Alaska; the last frontier
Joe Tuck, researcher
Alaska is a landscape of epic proportions, seven times the size of the UK, a seemingly simple concept to comprehend, but I didn’t truly appreciate its vastness. That is until I spent twelve solid hours driving north from Fairbanks (the most northerly city in Alaska) and still faced an endless expanse of open tundra all around.
(...the cold in Alaska is) as if heat is being sucked from your core through several layers of clothing.Joe Tuck
The first time I headed to the frozen state, perched atop the northwest corner of the North American continent, I arrived in the dead of winter, to film wolves. For those who haven’t experienced minus 30 degrees Celsius, it’s a strange sensation; as if heat is being sucked from your core through several layers of clothing.
I returned to Alaska in spring, once again joining forces with cameraman John Brown, but this time with the intention of filming the behaviour of wild arctic ground squirrels, including the moment these hardy rodents emerged from hibernation on to the tundra. The temperature had risen to a balmy 0 degrees C.

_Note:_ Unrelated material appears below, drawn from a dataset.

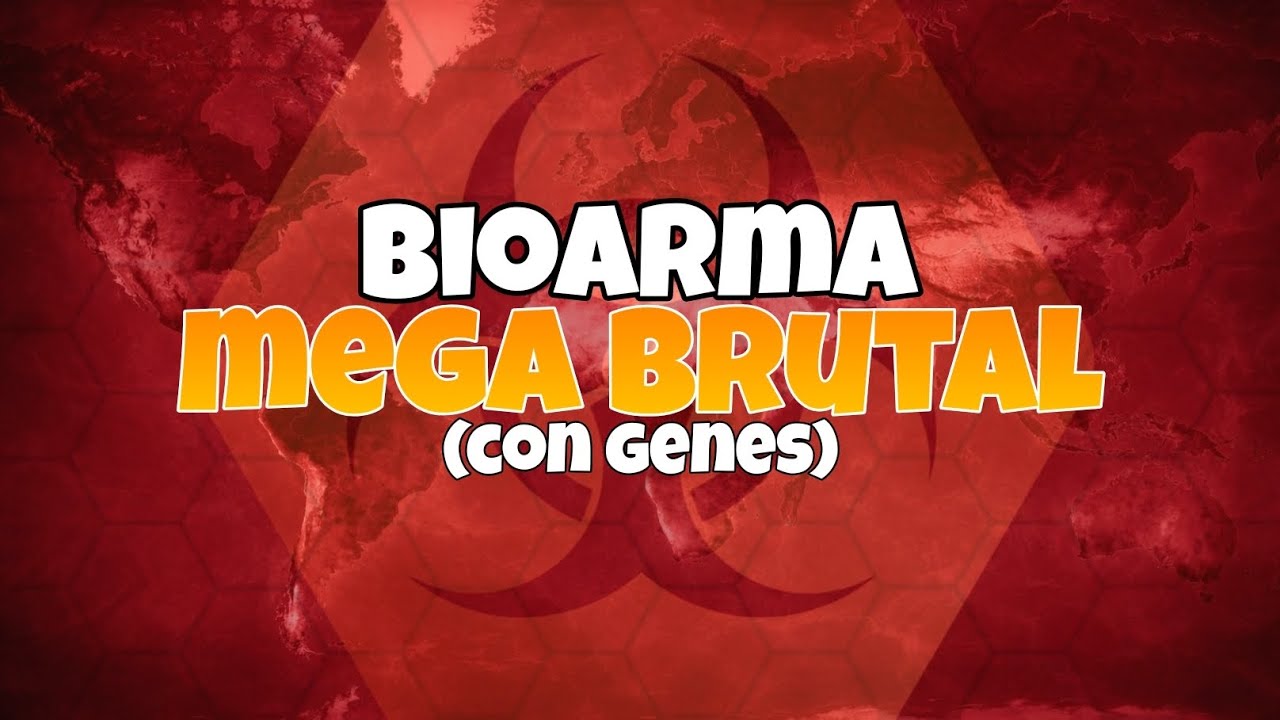 Cómo pasar Bioarma en Mega Brutal - Plague Inc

We were driving the ‘ice trucker road’, known locally as the ‘Dalton’, heading north to a remote scientific research station in the Arctic. The journey was long, with enormous trucks hurtling by and golf ball sized pebbles being flung at our windscreen, making sounds like a gunshot - unnerving to say the least in a place where road signs are studded with bullet holes! We spent 12 hours a day sat out on the frozen tundra, on the lookout for potential characters; often excited by a scat or footprint that suggested something larger might make an appearance during our stay. I was lucky enough to see wild wolves again, in broad daylight, but it seemed they had a camera phobia that drove me to the edge of sanity.
If our resilience wasn’t tested enough, the tundra is home to some of the worst swarms of biting insects in the world. An odd thought, but when you consider the expansive, flat landscape covered almost entirely with still pools of meltwater, you can see why it attracts so many mosquitos!

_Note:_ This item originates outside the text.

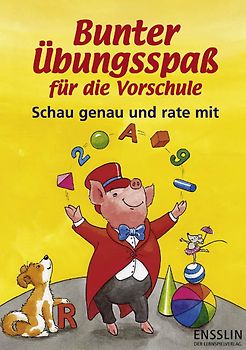 Bunter Übungsspaß für die Vorschule - Schau genau und rate mit!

Despite our best efforts we were unable to capture wolves on film again, but were blessed to witness an intimate union of two arctic ground squirrels that made the trip, for all its trials and tribulations, worthwhile.
It has been an absolute privilege to spend time in Alaska, seeing its awe-inspiring wildlife that has to be seen to be believed. I hope the series goes some way to revealing the majesty of this rare and finite wilderness.